# Initial postings for linemen



## futuresapper (12 Jul 2009)

Hey there, I ran a search and have been browsing for a while and I can't seem to find any information on this, my apologies if it's been gone over.  What can I expect to see as initial posting choices? I understand that where the man power is needed is where I'll end up but what should I expect? Are Kingston, Edmonton, Gagetown or Pet good guesses? Is there anything else that I should know?


----------



## Rigger052 (12 Jul 2009)

Gagetown right now is in a bit of a transition as linemen are gradually being posted to field postings, You can still request the area though.  Only Edmonton has a support position left for linemen in their ASG Sqn.
More than likely you'll be heading for a brigade or you might get into JSR kingston for your first posting, but Linemen can also be posted to air force and navy bases as well. At least for now.


----------



## futuresapper (12 Jul 2009)

Thanks alot for the help, that was definately what I was looking for. 

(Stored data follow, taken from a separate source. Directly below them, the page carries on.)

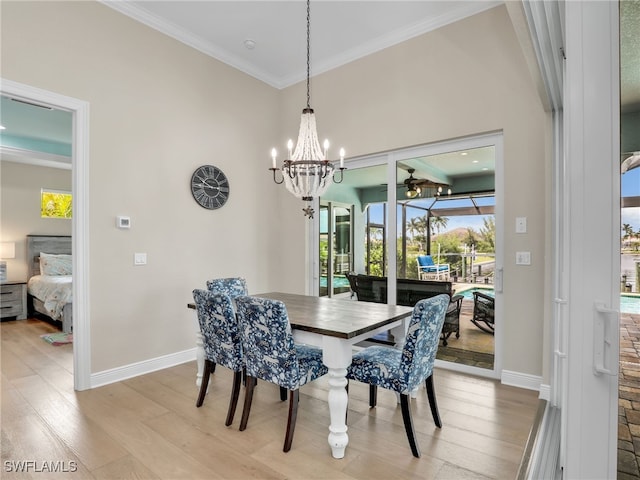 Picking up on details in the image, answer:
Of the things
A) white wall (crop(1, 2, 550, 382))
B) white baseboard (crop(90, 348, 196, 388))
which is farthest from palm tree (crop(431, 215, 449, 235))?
white baseboard (crop(90, 348, 196, 388))

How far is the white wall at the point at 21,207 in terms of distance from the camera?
20.0 feet

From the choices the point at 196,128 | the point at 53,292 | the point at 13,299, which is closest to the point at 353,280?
the point at 196,128

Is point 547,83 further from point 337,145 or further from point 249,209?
point 249,209

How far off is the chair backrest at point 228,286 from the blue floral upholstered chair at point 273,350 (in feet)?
3.57

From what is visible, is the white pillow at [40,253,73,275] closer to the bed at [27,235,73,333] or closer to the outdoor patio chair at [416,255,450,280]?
the bed at [27,235,73,333]

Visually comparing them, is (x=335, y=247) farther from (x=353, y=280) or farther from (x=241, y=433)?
(x=241, y=433)

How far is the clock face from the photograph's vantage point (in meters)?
3.85

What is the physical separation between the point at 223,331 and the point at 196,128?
2.49m

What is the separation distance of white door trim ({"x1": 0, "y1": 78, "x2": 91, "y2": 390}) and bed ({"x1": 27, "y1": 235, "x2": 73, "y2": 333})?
231 cm

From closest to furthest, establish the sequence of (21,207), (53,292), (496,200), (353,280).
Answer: (496,200) < (353,280) < (53,292) < (21,207)

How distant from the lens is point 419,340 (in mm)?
1988

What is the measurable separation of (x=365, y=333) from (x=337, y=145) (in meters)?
2.71

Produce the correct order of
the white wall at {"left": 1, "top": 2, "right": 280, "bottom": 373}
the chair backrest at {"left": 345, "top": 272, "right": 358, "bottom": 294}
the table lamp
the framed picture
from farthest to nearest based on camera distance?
the framed picture < the table lamp < the chair backrest at {"left": 345, "top": 272, "right": 358, "bottom": 294} < the white wall at {"left": 1, "top": 2, "right": 280, "bottom": 373}

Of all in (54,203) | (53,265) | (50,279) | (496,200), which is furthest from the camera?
(54,203) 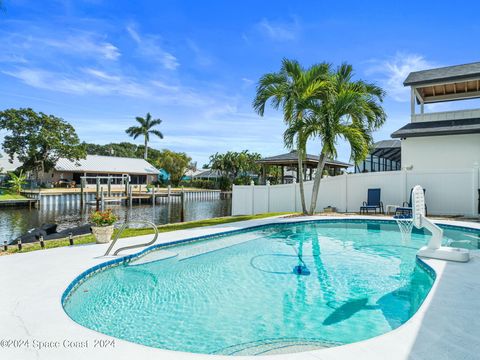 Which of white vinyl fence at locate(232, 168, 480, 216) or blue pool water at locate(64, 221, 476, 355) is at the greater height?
white vinyl fence at locate(232, 168, 480, 216)

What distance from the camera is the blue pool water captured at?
13.6 feet

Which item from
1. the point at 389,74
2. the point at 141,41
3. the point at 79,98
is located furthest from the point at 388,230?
the point at 79,98

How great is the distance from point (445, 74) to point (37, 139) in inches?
1549

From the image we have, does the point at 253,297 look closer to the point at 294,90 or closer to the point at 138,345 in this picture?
the point at 138,345

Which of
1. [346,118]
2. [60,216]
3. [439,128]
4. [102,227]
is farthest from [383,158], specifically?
[60,216]

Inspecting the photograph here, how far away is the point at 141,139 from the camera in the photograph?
192 ft

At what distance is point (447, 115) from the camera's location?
56.6ft

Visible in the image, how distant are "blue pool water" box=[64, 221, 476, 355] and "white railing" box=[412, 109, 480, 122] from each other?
11071 millimetres

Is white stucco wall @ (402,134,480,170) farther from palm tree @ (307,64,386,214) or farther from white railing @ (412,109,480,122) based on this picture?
palm tree @ (307,64,386,214)

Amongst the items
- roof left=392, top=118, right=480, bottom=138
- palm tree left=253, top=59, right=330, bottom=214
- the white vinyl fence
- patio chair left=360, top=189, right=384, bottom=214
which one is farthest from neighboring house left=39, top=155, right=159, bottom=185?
roof left=392, top=118, right=480, bottom=138

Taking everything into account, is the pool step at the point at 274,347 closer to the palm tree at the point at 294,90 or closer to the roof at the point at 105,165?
the palm tree at the point at 294,90

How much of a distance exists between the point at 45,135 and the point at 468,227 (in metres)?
40.9

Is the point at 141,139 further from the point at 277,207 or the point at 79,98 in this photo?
the point at 277,207

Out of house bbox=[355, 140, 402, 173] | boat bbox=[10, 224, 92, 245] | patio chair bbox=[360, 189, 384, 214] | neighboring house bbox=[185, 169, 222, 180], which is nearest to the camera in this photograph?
boat bbox=[10, 224, 92, 245] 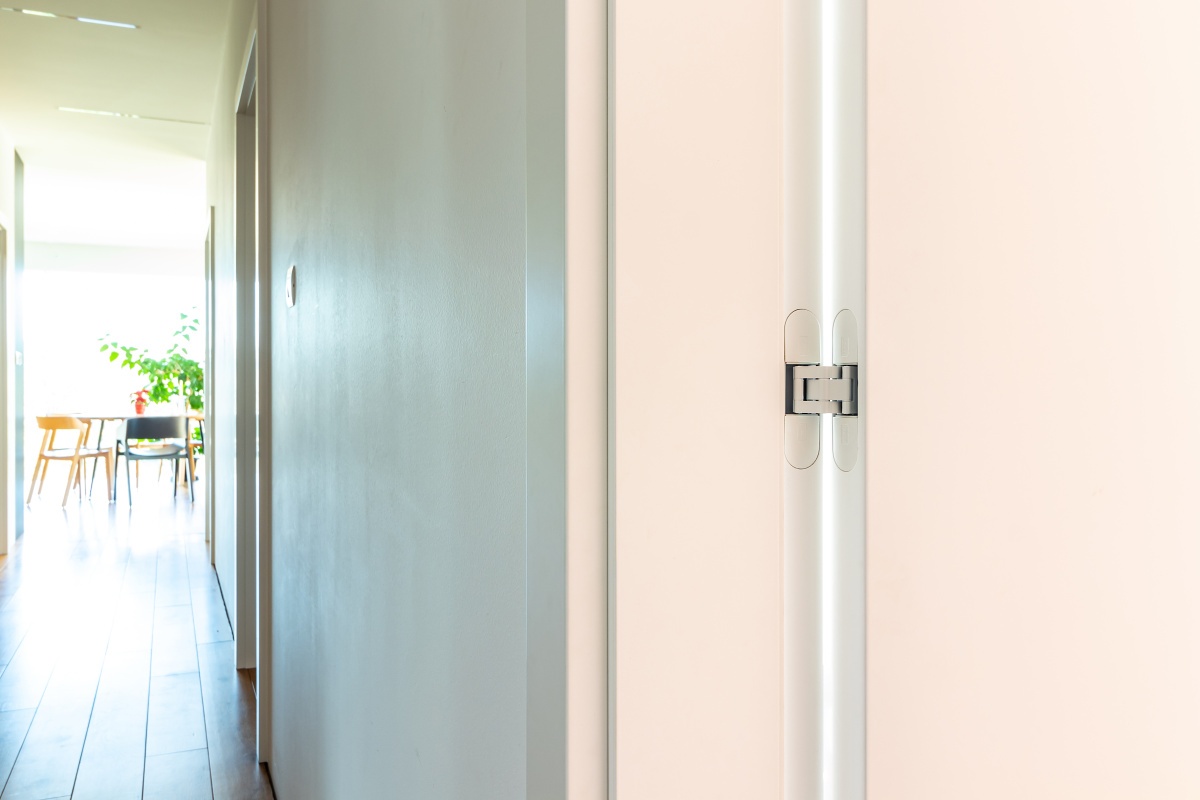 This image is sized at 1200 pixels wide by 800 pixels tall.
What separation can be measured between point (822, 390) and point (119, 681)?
10.5ft

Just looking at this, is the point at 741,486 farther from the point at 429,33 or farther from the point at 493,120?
the point at 429,33

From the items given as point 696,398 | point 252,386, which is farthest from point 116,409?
point 696,398

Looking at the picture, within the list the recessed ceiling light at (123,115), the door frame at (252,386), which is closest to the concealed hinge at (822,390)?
the door frame at (252,386)

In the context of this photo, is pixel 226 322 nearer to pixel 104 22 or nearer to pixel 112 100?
pixel 104 22

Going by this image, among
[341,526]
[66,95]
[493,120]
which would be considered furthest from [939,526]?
[66,95]

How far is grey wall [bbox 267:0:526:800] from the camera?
0.66 m

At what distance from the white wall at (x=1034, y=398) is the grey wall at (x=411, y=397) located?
10.7 inches

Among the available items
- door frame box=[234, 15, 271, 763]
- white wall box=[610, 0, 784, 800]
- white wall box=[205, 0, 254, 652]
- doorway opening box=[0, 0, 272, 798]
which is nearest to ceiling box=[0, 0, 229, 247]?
doorway opening box=[0, 0, 272, 798]

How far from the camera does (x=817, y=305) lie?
0.56m

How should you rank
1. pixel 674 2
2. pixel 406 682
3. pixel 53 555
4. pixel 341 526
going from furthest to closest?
pixel 53 555
pixel 341 526
pixel 406 682
pixel 674 2

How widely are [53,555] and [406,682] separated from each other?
17.4 feet

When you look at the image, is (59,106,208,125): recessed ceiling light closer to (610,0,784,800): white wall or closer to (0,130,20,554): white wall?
(0,130,20,554): white wall

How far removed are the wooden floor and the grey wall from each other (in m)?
0.93

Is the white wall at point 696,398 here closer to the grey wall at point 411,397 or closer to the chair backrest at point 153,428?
the grey wall at point 411,397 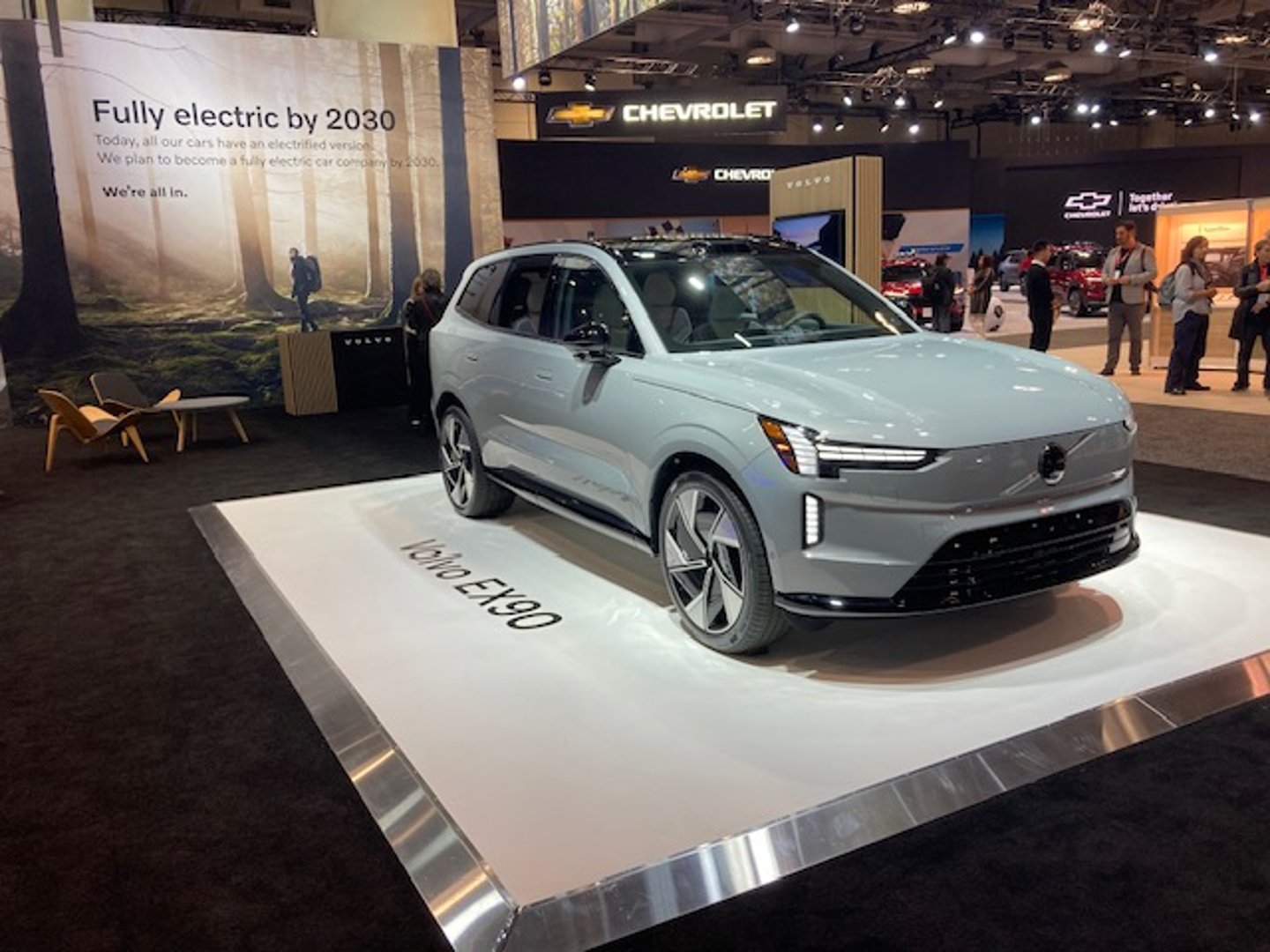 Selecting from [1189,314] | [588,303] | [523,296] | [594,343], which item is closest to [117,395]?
[523,296]

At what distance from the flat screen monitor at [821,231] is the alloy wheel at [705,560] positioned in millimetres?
6903

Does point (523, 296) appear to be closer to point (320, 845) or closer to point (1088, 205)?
point (320, 845)

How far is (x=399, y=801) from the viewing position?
298 centimetres

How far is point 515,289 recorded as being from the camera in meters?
5.48

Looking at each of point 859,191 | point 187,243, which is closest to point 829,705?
point 859,191

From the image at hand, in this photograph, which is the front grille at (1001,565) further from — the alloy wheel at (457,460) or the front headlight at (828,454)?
the alloy wheel at (457,460)

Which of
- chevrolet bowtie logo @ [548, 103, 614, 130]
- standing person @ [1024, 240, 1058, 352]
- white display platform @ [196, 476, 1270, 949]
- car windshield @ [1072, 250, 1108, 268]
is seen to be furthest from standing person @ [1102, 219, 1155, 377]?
chevrolet bowtie logo @ [548, 103, 614, 130]

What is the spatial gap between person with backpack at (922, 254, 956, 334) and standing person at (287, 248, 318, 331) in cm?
849

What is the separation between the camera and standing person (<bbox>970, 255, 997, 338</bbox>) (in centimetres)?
1703

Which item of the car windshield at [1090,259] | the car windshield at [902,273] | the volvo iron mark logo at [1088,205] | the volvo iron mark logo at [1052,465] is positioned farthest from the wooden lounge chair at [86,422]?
the volvo iron mark logo at [1088,205]

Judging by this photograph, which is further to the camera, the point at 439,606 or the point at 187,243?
the point at 187,243

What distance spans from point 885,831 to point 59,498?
6.90 metres

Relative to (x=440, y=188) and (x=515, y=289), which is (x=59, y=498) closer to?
(x=515, y=289)

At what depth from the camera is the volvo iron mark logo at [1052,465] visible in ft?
11.4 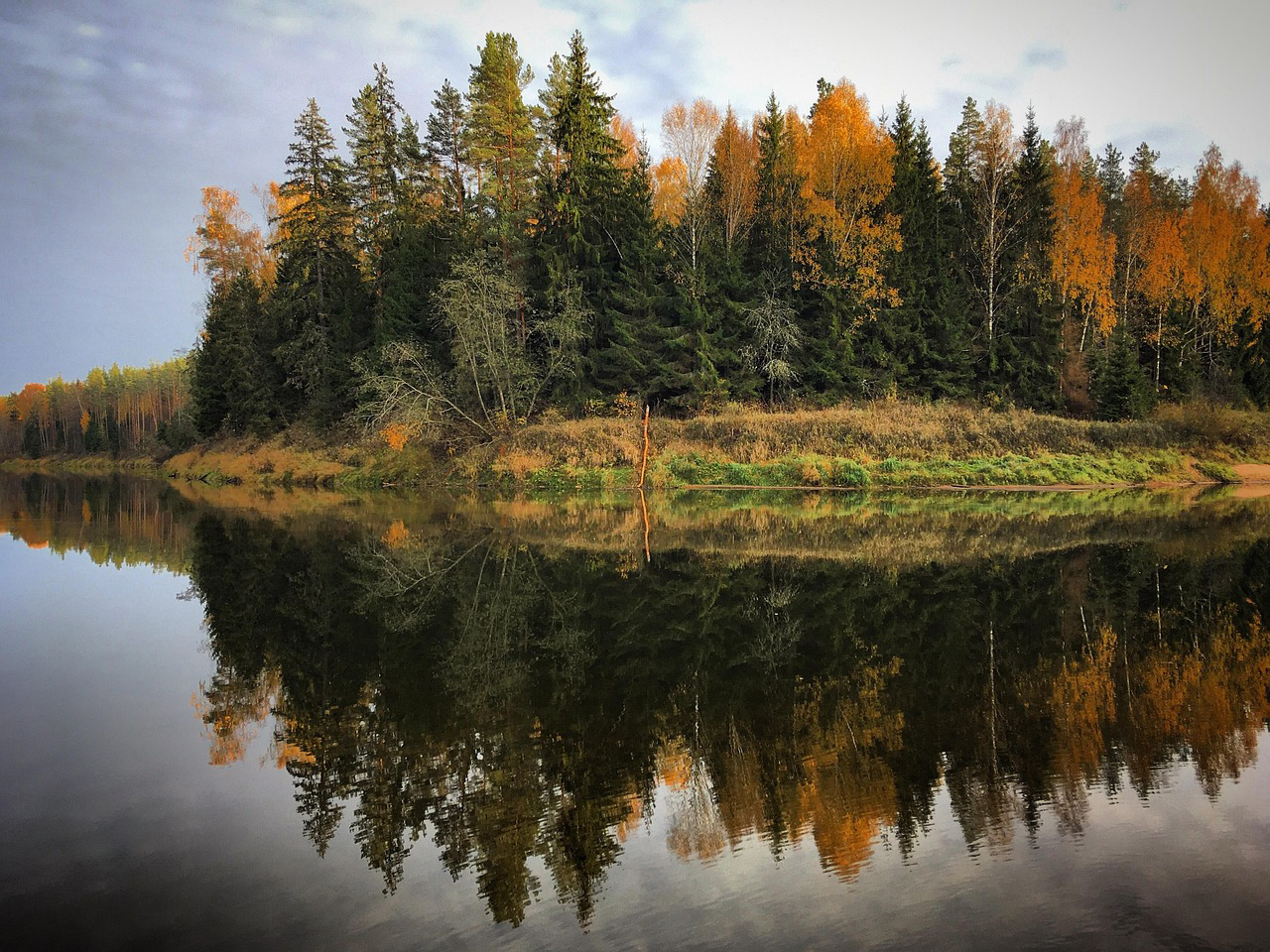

Edit: What can I expect from a field posting? Also any recomendations/ favorite postings?


----------



## Rigger052 (12 Jul 2009)

No problem, good luck with your courses. :camo:


----------



## Clarkey (8 Dec 2009)

Have personally seen a lineman get posted to ottawa fresh from QL3 Reg force. So I guess anywhere they are needed and if the circumstances permit.


----------



## Wayne052 (21 Aug 2010)

I finished my 3's in Sept of 09 from my course we had 4 guys sent to various units in Edmonton(1 PPCLI, 3 PPCLI, and 2 with JSR.) I myself got sent to Wainwright. Also had 2 stay in Kinston 1 in Ottawa 1 in Cold lake 1 in Comox and 1 in Gagetown but he had a spouse posted there. So basically anywhere that is needed. I also know we are getting 2 guys off the 3,s Spet of 2010.


----------